Os arranjos institucionais promovidos na década de 1970, em um regime autoritário, não permitem a construção de uma cultura democrática no Judiciário brasileiro e inviabilizam relações externas democráticas, que propiciem maior transparência institucional e, consequentemente, maior confiabilidade.


Hugo Cavalcanti Melo Filho


No trecho da University Avenue entre Osgoode Hall e a Courthouse, em Toronto, podem ser vistos os McMurtry Gardens of Justice, onde um conjunto de seis esculturas celebra o Estado de Direito e a Administração da Justiça em Ontario. As esculturas são chamadas “Igualdade Perante a Lei’, “Liberdade de Religião”, “Liberdade de Expressão”, “O Estado de Direito é um Reflexo de Todos Nós” e “Os Pilares da Justiça”.


Os Pilares da Justiça, obra da renomada escultora britânica Edwina Sandys, foi a primeira a ser instalada, em 2007, bem em frente ao prédio de número 361 da University Street. A escultura capta a ideia fundamental de um sistema justo de justiça, representado por uma fachada de templo grego, com um frontão triangular clássico apoiado por duas filas de pilares em forma de homens e mulheres, apresentados como elemento-chave do sistema de justiça democrático. Homens e mulheres da comunidade são os pilares que sustentam o sistema de justiça, protegendo assim a instituição que nos protege de leis arbitrárias ou julgamentos aleatórios.
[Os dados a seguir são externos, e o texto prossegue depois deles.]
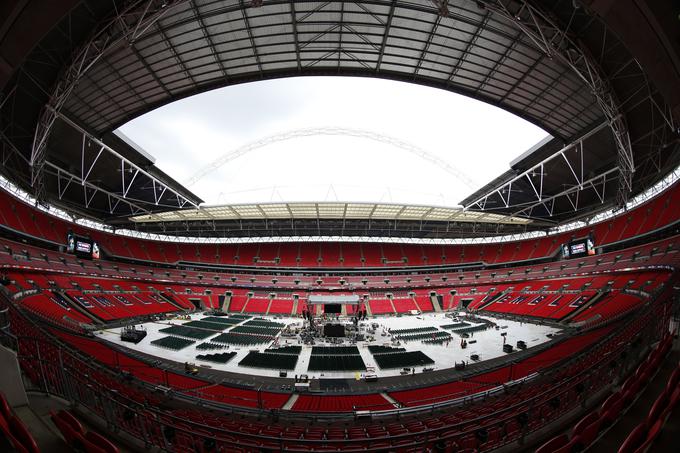 Vremenska napoved za London danes zvečer je oblačno z možnim dežjem. Kaj bi se zgodilo, če bi res deževalo, bi dvoboj odpovedali? Čeprav Wembley nima možnosti, da popolnoma zapre streho, dvoboj ni ogrožen. Nad ringom bo razpet velik baldahin, boksarja pa bosta nosila tudi posebno obutev, ki bo preprečevala zdrse zaradi vlage. Za boksarja torej ni skrbi, bodo pa v primeru dežja kratko potegnili eminentni gostje, ki bodo sedeli ob ringu.  | Foto: Reuters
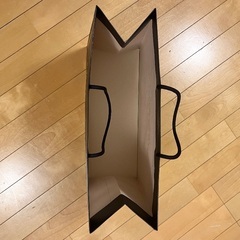 ルイヴィトン ショッパー 2025年クリスマス限定デザイン 大サイズの画像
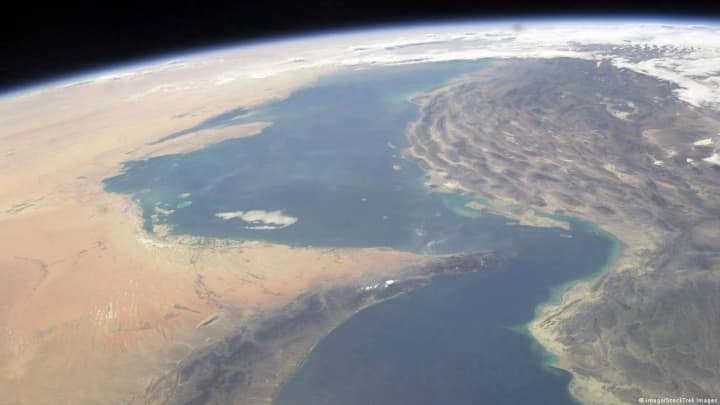 sohodni-ormuzkoiu-protokoiu-ne-prokhodyv-zhoden-naftovyi-tanker-zmi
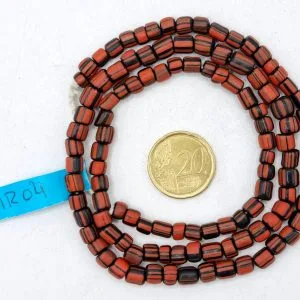 Collar de vidrio reciclado hecho a mano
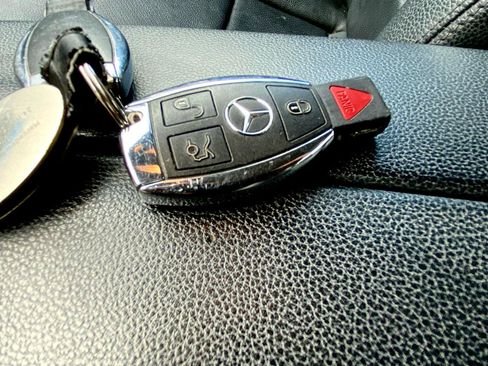 Used 2011 Mercedes-Benz E 350 4MATIC Sedan image 33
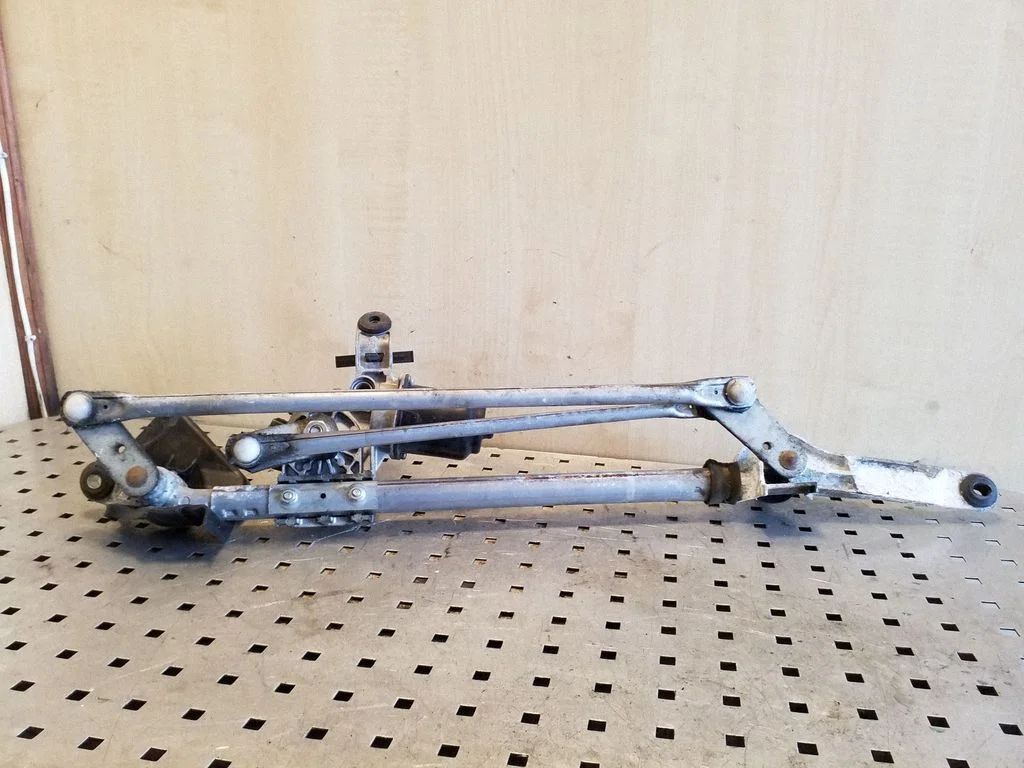 Front wiper linkage and motor WM02C002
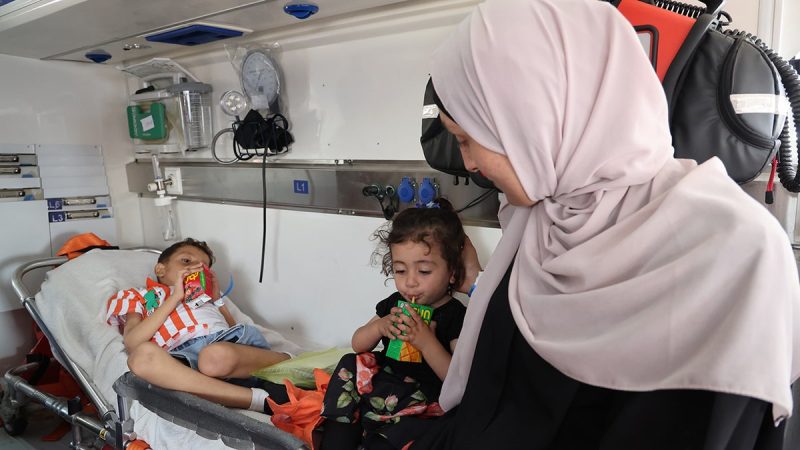 Jordan evacuates sick and injured Palestinian children from Gaza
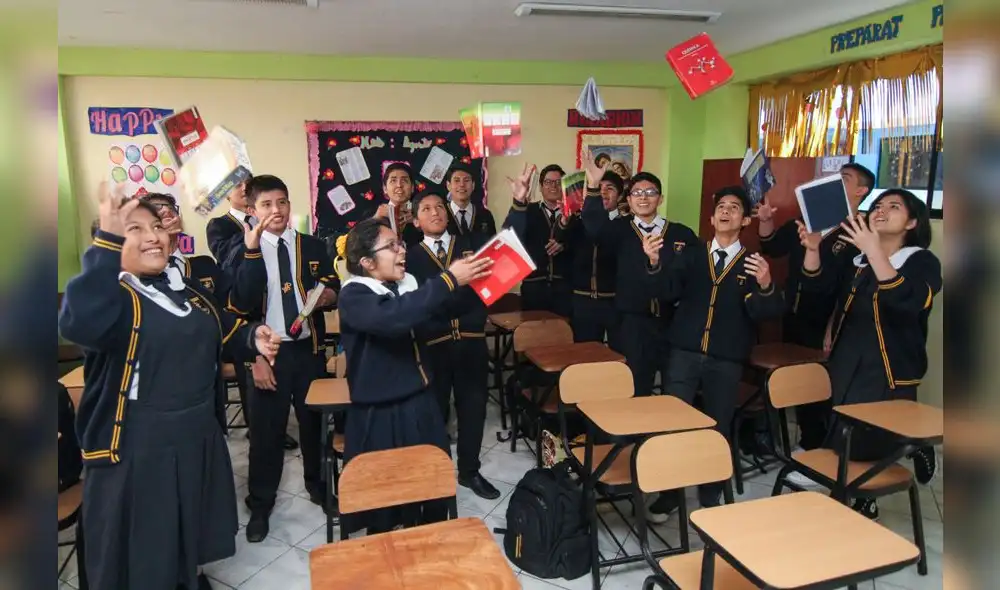 Todo un salón  de quinto año ingresó a la U. San Marcos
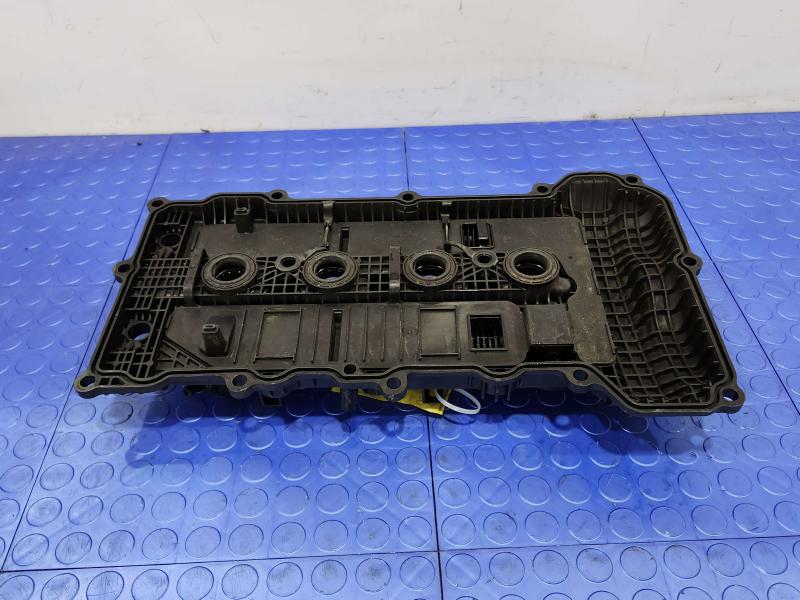 2014 Kia Forte Valve Cover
A escultora omitiu intencionalmente um dos pilares, permitindo assim que qualquer pessoa imagine estar no espaço vago e servindo ao sistema de justiça.


O monumento é simples e belo; a mensagem é direta: um sistema de justiça democrático só pode existir pela participação dos cidadãos aos quais serve, que, em última análise, o sustentam. Mais ainda, a imagem nos indica que o exercício democrático da jurisdição somente pode ocorrer se apoiado em uma cultura democrática. E uma cultura democrática só se desenvolve em um ambiente em que haja convicções democráticas: práticas, ideias e valores democráticos [1].


A referência central da cultura política são as relações de poder e de autoridade, o conjunto de relações de dominação e sujeição, a partir das quais se estrutura a vida política. Daí o interesse em compreender de que maneira se associam cultura e estrutura políticas, isto é, quais os fatores culturais que se associam positivamente com instituições democráticas implantadas. Ou melhor, em que medida a cultura política democrática ajuda a modelar as instituições políticas ou, ainda, se a cultura é causa ou consequência do modo de governar as instituições [2].


De acordo com Larry Diamond [3], cultura política está longe de ser um fenômeno imutável. "Mudanças sociais e econômicas, mobilização social e cívica, prática institucional, experiência histórica [...] podem modificar ou gradualmente transformar os valores políticos predominantes, crenças e atitudes [...]". De qualquer modo, os padrões axiológicos não se alteram no mesmo ritmo das práticas e das instituições políticas. Os valores se modificam muito lentamente em uma sociedade. Por isso, há uma primazia dos fatores culturais sobre os estruturais, “justamente porque o cultural tem um maior grau de penetração e de persistência” [4]. Daí, a importância da cultura.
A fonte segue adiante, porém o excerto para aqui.